Теперь, вспоминая об этом времени, о своем настроении тогда и настроении тех людей (таких, впрочем, и теперь тысячи), мне и жалко, и страшно, и смешно – возникает именно то самое чувство, которое испытываешь в доме сумасшедших.

Мы все тогда были убеждены, что нам нужно говорить и говорить, писать, печатать – как можно скорее, как можно больше, что все это нужно для блага человечества. И тысячи нас, отрицая, ругая один другого, все печатали, писали, поучая других. И, не замечая того, что мы ничего не знаем, что на самый простой вопрос жизни: что хорошо, что дурно, – мы не знаем, что ответить, мы все, не слушая друг друга, все враз говорили, иногда потакая друг другу и восхваляя друг друга с тем, чтоб и мне потакали и меня похвалили, иногда же раздражаясь и перекрикивая друг друга, точно так, как в сумасшедшем доме.

Тысячи работников дни и ночи из последних сил работали, набирали, печатали миллионы слов, и почта развозила их по всей России, а мы все еще больше и больше учили, учили и учили и никак не успевали всему научить, и все сердились, что нас мало слушают.

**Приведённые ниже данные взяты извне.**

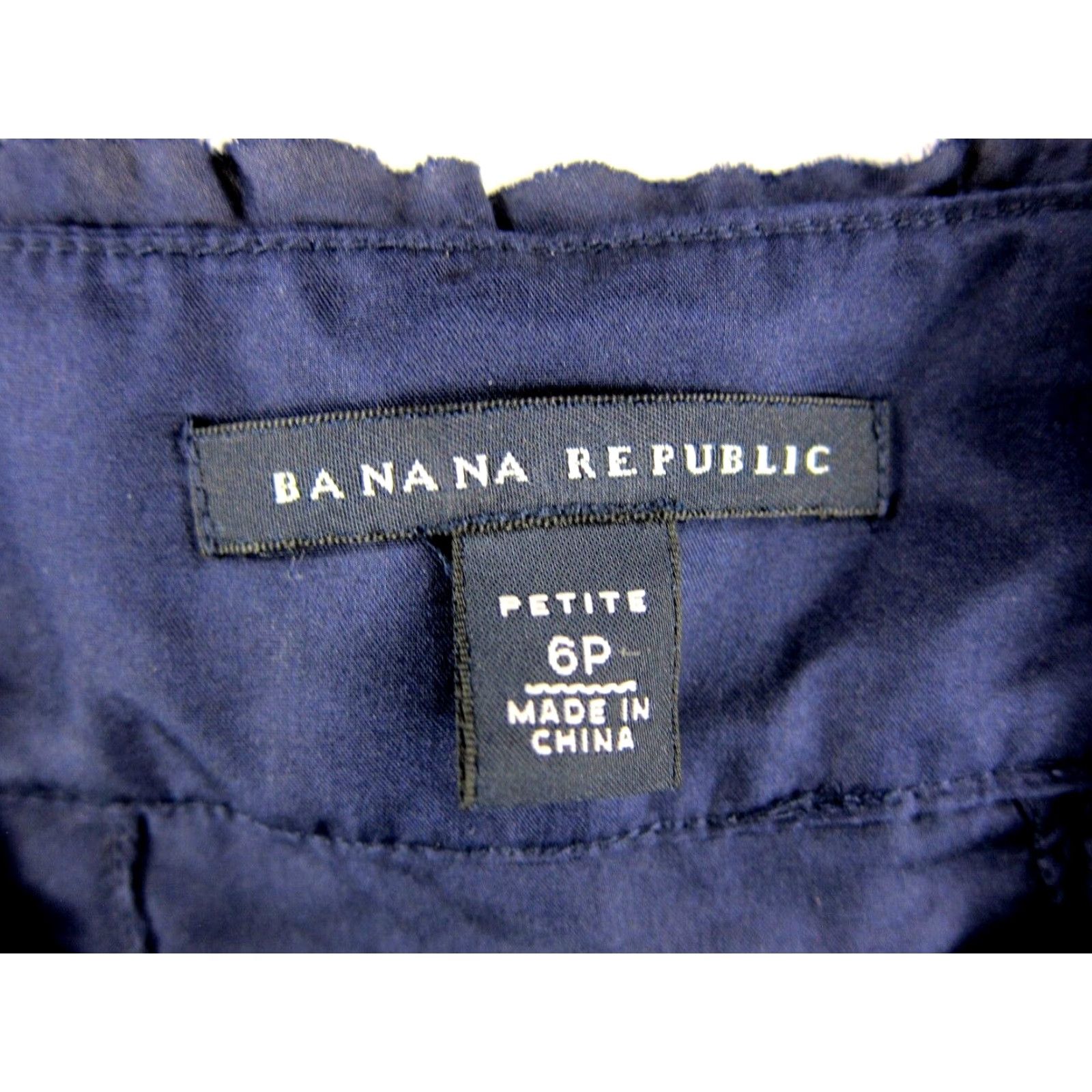 Banana Republic Banana Republic Navy Blue 100% Silk Beaded Sleeveless V-Neck Tunic Tank Blouse 6P Size M / US 6-8 / IT 42-44 - 3 Thumbnail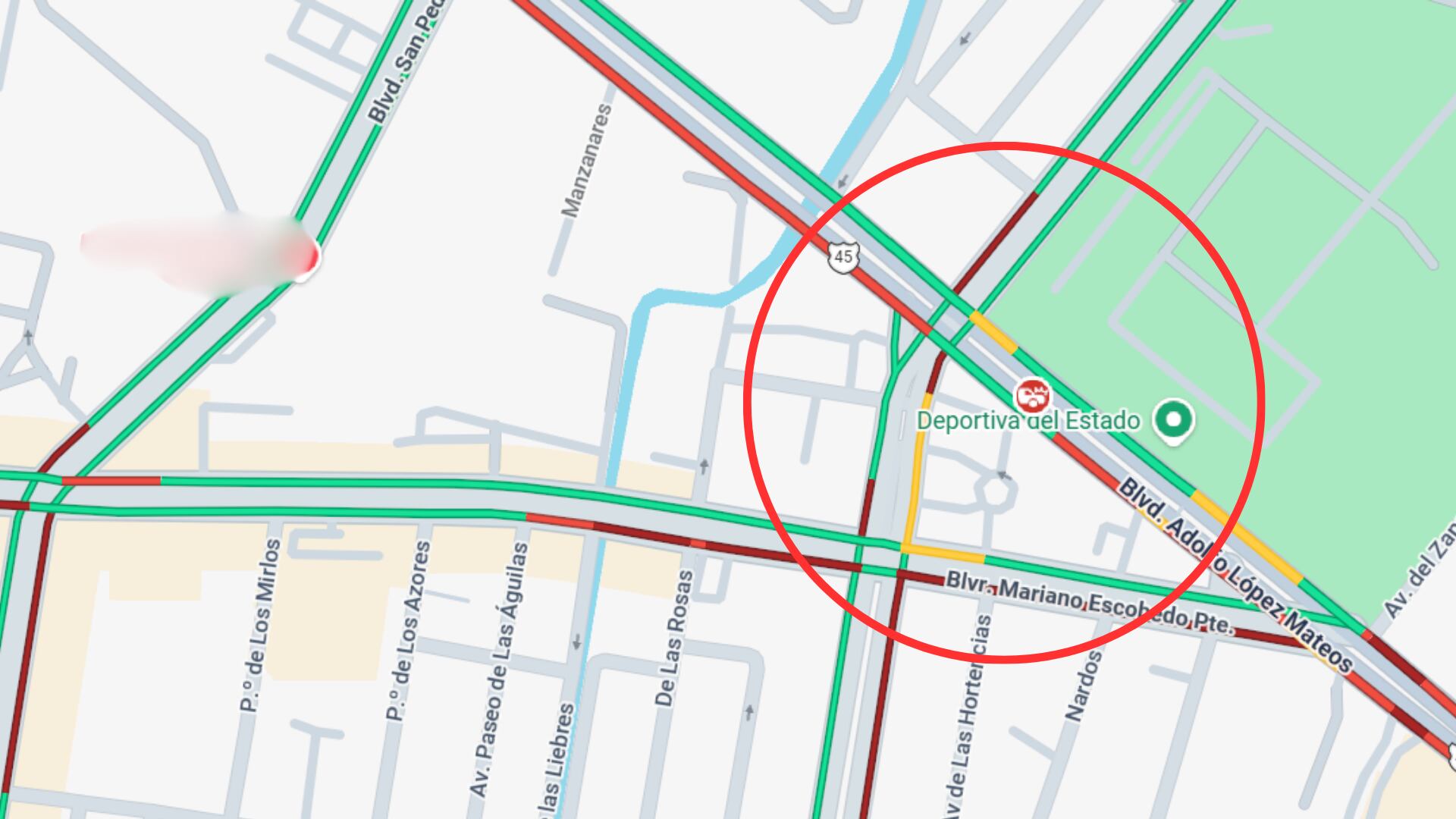 Tráfico LENTO por accidente sobre el bulevar López Mateos HOY en León; Toma esta vía alterna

Ужасно странно, но теперь мне понятно. Настоящим, задушевным рассуждением нашим было то, что мы хотим как можно больше получать денег и похвал. Для достижения этой цели мы ничего другого не умели делать, как только писать книжки и газеты. Мы это и делали. Но для того чтобы нам делать столь бесполезное дело и иметь уверенность, что мы – очень важные люди, нам надо было еще рассуждение, которое бы оправдывало нашу деятельность. И вот у нас было придумано следующее: все, что существует, то разумно. Все же, что существует, все развивается. Развивается же все посредством просвещения. Просвещение же измеряется распространением книг, газет. А нам платят деньги и нас уважают за то, что мы пишем книги и газеты, и потому мы – самые полезные и хорошие люди. Рассуждение это было бы очень хорошо, если бы мы все были согласны; но так как на каждую мысль, высказываемую одним, являлась всегда мысль, диаметрально противоположная, высказываемая другим, то это должно бы было заставить нас одуматься. Но мы этого не замечали. Нам платили деньги, и люди нашей партии нас хвалили, – стало быть, мы, каждый из нас, считали себя правыми.